#### Exercise brief
From the entries below, retype only the lines from the one with "Универсал Kia Ceed 2009 в Измаиле" through the one with "1976 Cadillac Fleetwood", exactly as written.
(Data to use Opens)
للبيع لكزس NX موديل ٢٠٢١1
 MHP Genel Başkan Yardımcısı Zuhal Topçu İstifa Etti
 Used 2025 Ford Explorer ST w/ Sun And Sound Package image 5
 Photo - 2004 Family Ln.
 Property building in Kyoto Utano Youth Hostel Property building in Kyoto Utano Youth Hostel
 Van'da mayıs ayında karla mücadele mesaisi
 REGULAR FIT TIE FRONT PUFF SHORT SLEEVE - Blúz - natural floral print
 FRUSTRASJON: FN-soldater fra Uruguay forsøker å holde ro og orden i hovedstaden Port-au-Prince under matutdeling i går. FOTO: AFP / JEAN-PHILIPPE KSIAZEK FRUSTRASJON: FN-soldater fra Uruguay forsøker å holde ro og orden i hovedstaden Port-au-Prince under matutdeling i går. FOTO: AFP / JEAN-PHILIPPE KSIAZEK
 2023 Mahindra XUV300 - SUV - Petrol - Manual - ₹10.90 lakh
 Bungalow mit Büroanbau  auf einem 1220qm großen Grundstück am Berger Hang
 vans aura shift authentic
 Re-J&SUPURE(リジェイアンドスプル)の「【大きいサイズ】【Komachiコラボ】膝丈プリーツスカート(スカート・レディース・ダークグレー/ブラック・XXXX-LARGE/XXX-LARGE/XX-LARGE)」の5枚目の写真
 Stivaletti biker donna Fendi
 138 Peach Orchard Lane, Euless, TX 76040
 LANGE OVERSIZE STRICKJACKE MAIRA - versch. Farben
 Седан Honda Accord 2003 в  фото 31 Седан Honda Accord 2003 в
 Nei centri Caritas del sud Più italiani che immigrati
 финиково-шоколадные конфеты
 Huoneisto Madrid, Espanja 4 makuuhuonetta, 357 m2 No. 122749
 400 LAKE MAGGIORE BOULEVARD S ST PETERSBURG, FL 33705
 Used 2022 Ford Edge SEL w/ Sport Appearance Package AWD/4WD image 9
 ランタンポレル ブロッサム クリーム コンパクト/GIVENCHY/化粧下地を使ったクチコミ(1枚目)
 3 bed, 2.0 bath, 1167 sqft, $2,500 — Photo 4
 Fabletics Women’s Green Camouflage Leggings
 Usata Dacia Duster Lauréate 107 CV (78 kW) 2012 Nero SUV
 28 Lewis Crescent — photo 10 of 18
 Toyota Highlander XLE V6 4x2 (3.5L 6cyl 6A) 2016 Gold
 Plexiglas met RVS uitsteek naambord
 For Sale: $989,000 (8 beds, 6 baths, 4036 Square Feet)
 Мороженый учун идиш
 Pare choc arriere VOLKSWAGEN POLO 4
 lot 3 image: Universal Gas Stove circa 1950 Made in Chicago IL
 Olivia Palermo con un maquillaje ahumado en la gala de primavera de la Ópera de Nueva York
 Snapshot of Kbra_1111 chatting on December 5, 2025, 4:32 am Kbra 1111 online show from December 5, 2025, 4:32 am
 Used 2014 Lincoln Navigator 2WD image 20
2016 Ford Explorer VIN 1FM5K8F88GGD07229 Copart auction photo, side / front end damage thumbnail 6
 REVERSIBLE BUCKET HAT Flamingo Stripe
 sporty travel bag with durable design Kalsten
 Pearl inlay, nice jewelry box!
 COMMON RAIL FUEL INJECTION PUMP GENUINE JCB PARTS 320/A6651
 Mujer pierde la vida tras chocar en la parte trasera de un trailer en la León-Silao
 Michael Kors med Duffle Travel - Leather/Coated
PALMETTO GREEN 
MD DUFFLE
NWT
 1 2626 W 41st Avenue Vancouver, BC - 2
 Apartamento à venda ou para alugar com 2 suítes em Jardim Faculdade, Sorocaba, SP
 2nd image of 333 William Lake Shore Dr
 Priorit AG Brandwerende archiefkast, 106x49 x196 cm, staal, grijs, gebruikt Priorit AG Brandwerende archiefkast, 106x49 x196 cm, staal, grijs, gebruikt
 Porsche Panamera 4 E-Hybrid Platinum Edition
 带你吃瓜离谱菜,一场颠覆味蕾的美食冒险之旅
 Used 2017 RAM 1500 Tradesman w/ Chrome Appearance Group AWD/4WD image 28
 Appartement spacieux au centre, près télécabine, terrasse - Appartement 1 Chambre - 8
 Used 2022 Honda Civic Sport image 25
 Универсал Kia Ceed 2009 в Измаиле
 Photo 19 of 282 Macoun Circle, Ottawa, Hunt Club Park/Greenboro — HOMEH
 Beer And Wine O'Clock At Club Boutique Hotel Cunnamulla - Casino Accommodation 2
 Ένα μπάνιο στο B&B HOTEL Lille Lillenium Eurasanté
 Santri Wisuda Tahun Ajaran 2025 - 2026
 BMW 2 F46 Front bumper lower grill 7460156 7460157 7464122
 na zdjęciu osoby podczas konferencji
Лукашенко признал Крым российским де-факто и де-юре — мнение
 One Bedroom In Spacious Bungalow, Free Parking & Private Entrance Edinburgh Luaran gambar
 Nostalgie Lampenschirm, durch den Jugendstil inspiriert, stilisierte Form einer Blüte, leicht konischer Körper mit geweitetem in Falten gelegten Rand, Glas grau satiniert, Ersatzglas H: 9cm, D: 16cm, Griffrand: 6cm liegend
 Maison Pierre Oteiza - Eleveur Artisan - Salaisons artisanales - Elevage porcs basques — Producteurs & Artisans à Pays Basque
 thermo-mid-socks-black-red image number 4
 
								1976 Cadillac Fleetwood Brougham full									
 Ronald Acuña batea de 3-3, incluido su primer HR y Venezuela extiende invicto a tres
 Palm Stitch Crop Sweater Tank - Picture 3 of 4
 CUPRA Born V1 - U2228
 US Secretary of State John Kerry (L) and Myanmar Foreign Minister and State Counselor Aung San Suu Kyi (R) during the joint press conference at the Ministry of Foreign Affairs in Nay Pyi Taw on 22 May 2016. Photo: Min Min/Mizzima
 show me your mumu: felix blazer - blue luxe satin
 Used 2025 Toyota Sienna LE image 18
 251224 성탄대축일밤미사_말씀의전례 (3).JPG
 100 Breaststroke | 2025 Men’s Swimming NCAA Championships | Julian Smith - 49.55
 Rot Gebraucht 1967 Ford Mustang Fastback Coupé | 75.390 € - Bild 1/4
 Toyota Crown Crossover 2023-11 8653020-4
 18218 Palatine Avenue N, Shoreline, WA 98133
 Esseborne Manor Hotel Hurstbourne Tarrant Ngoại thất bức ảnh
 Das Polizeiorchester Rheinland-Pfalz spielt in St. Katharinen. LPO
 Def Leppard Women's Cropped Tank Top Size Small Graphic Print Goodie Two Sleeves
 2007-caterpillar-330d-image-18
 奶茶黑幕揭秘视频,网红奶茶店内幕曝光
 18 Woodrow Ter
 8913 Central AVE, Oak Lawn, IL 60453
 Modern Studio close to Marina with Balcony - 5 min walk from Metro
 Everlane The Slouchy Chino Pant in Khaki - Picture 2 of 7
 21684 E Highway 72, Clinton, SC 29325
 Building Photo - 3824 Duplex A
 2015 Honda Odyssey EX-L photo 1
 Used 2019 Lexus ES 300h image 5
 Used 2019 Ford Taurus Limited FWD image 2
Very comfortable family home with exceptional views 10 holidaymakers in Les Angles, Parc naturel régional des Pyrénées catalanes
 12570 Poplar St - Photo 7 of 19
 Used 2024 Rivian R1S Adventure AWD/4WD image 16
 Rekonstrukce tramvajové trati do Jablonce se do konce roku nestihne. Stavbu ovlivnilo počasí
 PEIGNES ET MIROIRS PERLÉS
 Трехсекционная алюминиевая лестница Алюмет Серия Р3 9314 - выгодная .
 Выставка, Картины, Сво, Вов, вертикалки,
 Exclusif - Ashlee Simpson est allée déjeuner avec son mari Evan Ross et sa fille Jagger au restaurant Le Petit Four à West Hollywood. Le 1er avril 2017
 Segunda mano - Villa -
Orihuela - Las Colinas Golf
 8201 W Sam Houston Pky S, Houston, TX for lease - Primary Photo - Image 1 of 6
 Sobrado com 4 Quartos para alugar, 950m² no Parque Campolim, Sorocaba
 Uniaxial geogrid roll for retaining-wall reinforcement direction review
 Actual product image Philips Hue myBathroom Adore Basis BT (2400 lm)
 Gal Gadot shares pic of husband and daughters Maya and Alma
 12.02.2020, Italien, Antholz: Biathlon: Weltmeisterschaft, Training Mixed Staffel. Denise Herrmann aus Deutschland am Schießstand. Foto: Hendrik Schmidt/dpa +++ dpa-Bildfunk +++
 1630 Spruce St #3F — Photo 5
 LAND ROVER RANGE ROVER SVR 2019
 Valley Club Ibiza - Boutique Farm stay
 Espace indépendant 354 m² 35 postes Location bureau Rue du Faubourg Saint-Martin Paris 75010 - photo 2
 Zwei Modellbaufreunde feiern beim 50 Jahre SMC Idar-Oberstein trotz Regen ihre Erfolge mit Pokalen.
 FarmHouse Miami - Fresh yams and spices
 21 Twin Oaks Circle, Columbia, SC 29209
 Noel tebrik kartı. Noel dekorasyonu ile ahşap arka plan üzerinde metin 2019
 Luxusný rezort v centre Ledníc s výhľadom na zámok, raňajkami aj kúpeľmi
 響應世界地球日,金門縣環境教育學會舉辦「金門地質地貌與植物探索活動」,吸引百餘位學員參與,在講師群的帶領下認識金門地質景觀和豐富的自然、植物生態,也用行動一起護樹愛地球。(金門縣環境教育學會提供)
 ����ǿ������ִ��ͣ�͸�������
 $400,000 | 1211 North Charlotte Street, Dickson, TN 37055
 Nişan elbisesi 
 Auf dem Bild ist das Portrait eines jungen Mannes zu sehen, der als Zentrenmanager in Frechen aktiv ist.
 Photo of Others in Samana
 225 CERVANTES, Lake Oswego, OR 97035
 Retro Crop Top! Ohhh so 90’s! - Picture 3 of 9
(Data to use Closes)
#### Answer to the exercise
 Универсал Kia Ceed 2009 в Измаиле
 Photo 19 of 282 Macoun Circle, Ottawa, Hunt Club Park/Greenboro — HOMEH
 Beer And Wine O'Clock At Club Boutique Hotel Cunnamulla - Casino Accommodation 2
 Ένα μπάνιο στο B&B HOTEL Lille Lillenium Eurasanté
 Santri Wisuda Tahun Ajaran 2025 - 2026
 BMW 2 F46 Front bumper lower grill 7460156 7460157 7464122
 na zdjęciu osoby podczas konferencji
Лукашенко признал Крым российским де-факто и де-юре — мнение
 One Bedroom In Spacious Bungalow, Free Parking & Private Entrance Edinburgh Luaran gambar
 Nostalgie Lampenschirm, durch den Jugendstil inspiriert, stilisierte Form einer Blüte, leicht konischer Körper mit geweitetem in Falten gelegten Rand, Glas grau satiniert, Ersatzglas H: 9cm, D: 16cm, Griffrand: 6cm liegend
 Maison Pierre Oteiza - Eleveur Artisan - Salaisons artisanales - Elevage porcs basques — Producteurs & Artisans à Pays Basque
 thermo-mid-socks-black-red image number 4
 
								1976 Cadillac Fleetwood Brougham full									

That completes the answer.